I also scored a thin frayed lemon handtowel
with a green stripe running across it at each end, a
vinegar-coloured comb, and a cheap plastic disposable cup. So many
possessions! I felt rich.
The most important things, though, were the
paper and pen. There was just one sheet of paper, lined, very thin,
and a cheap blue ballpoint pen that ran dry on almost every
downstroke. It was frustrating but it was better than nothing.
Suddenly the long empty night that stretched ahead wasn’t so long
or empty any more. I sat at the desk and in tiny writing, filling
the paper as slowly as possible, I wrote a letter to my parents. I
knew the chances of their getting it were as good as those of bark
in a bushfire, but it was something I wanted to do, so I did
it.
Next day there was still no call from Major
Harvey. After being in such demand from him it seemed that now I
wasn’t wanted at all. The morning dragged by, a minute at a time.
Breakfast was delivered with a joke from the older lady. As she put
down the tray she said, ‘No Big Macs today, I sorry,’ and we both
laughed. There was no sign of the shower I’d been promised though,
and when I pressed the button late in the morning and asked for one
I was given the brush-off very quickly. It was the same officer
who’d brought me the paper and pen, but today she seemed
unfriendly, uninterested. With so much time to think, I wondered if
maybe I was going to be executed soon, and she was distancing
herself from me, like I would have done in her situation.

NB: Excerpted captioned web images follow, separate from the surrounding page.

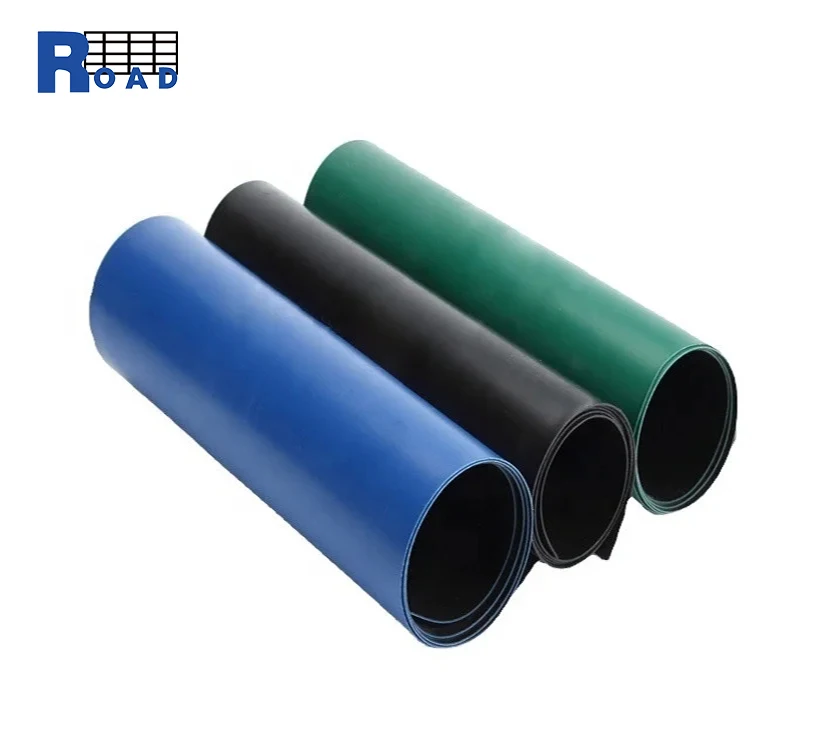 Geomembrane HDPE Geomembrane Pond Liner With 100% Virgin Raw Materials UV Resistance Dam Liner
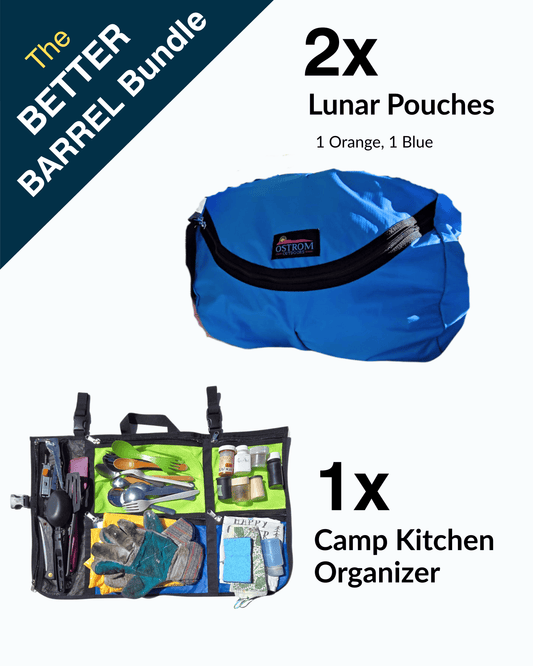 The Better Barrel Organizer Bundle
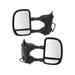 1999-2007 Ford F350 Super Duty Door Mirror Set - Trail Ridge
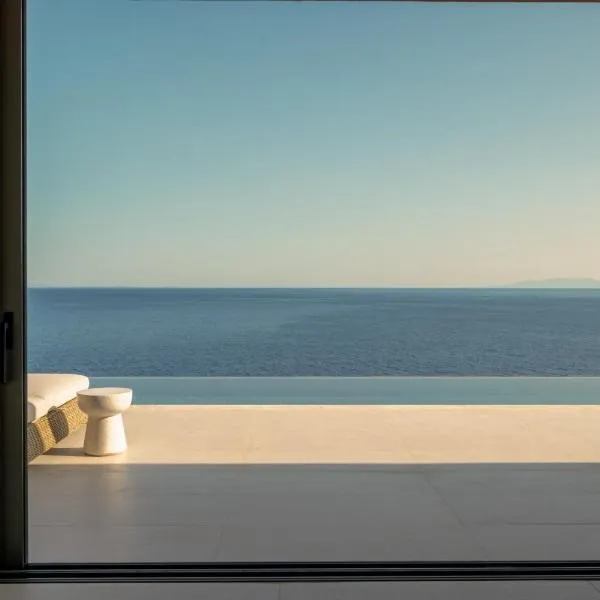 Olen Syros, hotel em Megas Gialos - Nites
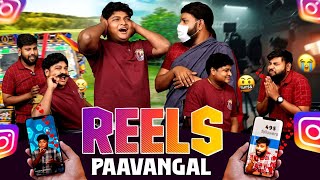 Reels Paavangal  Parithabangal [upl. by Blanche643]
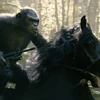“Hành tinh khỉ” dẫn đầu Bắc Mỹ tuần thứ hai liên tiếp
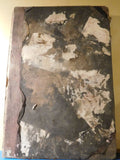 Boston & Albany Railroad Time Book 1901 January to 1902 August B&A OVERSIZE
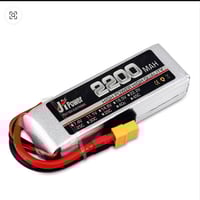 بطاريات • ٢٢٠٠mAh • ٧٫٤V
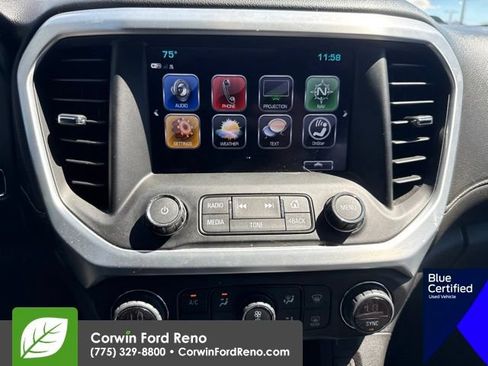 Used 2019 GMC Acadia SLT AWD/4WD image 19
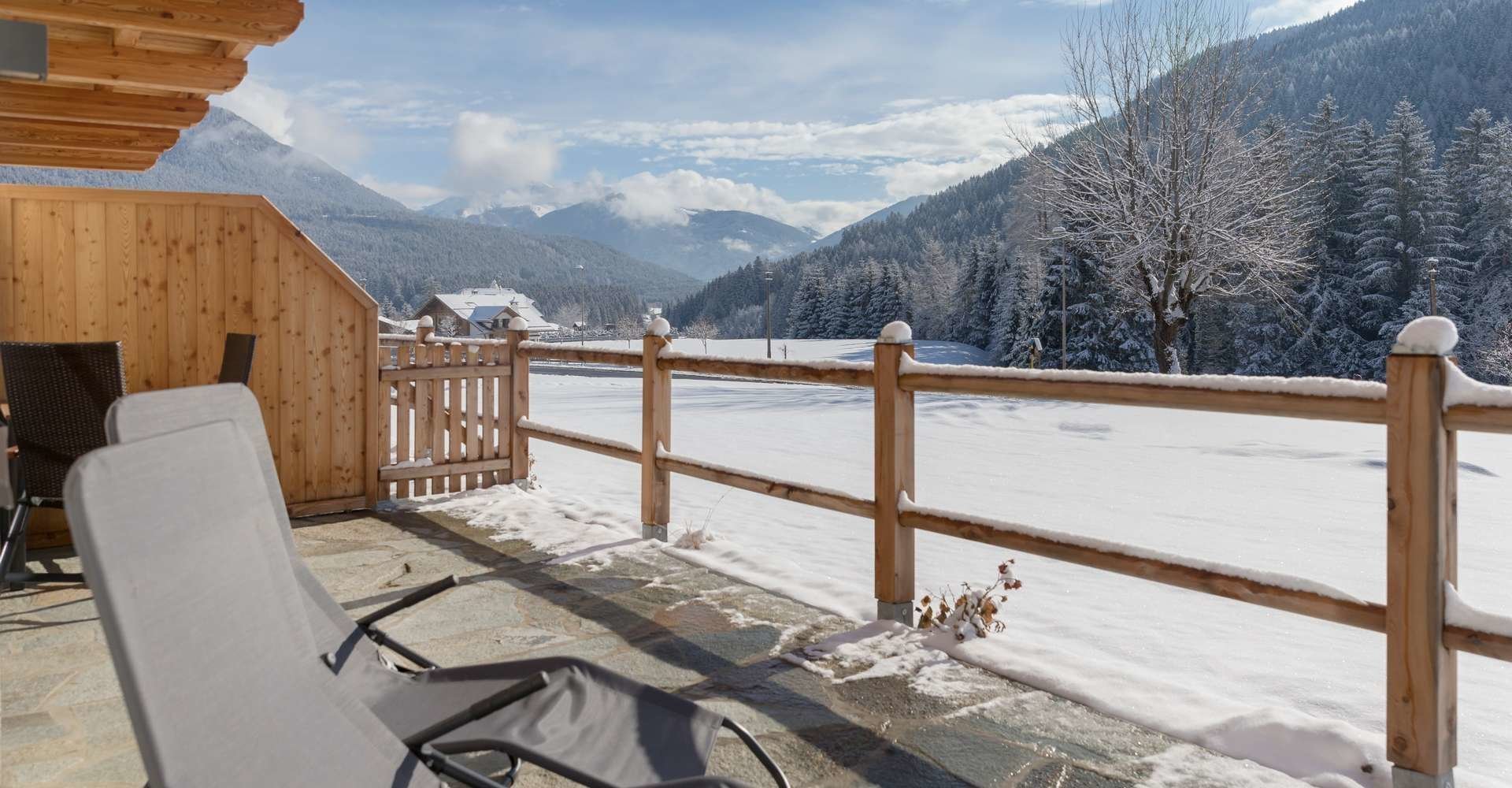 Winterurlaub am Bäckerhof im Gsieser Tal | Skigebiet Kronplatz Südtirol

Lunch came and went, and the afternoon passed
even more slowly than the morning. I wrote a poem on the back of
the piece of paper and decided I’d start a short story that
evening. My writing was so small I could hardly read it myself, but
I still had three-quarters of one side left. I did my physical and
mental exercises again, but my head felt stuffy and my whole body
was slow and lethargic. I wondered even more about my future. To
die would be such a terrible, unthinkable, unfair thing. But to be
locked up in a cell like this for years and years, maybe decades
... that would be completely unbearable. I suspected these people
weren’t like us. I didn’t know much about them, but I guessed
they’d think little of throwing people into a cell and forgetting
them. At least in our system you got a proper trial and you knew
what was going to happen to you – usually, anyway. Maybe Major
Harvey thought our country had become too slack, but I knew which
set-up I preferred.
Nothing else really happened and I got more
and more depressed as the evening ground on. I couldn’t wait for
the lights to go off so I could get some sleep, but when they did
and I lay down I didn’t seem able to sleep at all. It was a
miserable rotten night; I probably only slept for two or three
hours and I did quite a lot of silent crying – silent because I
didn’t want to give the guards the satisfaction of knowing how deep
I was sinking.
Despite the warning about ‘making names on
walls’ I used the top of the biro to make some little scratch marks
on the base of the bed, to show how many days I’d been there. If I
was going to be there for ten years I didn’t want to lose count of
the days.
If I’d known then that there would be no real
change in my routine for the next week I’d have been even more
depressed. But seven little scratches had been added in the shiny
white paint before anything interesting happened. The only
highlights were two showers that I was allowed to have in a little
shower room in our maximum-security block; the grudging gift of
another sheet of paper halfway through the week; and the
middle-aged lady who brought my trays in and out giving me a packet
of chewing gum one day and telling me I was a ‘brave girl’.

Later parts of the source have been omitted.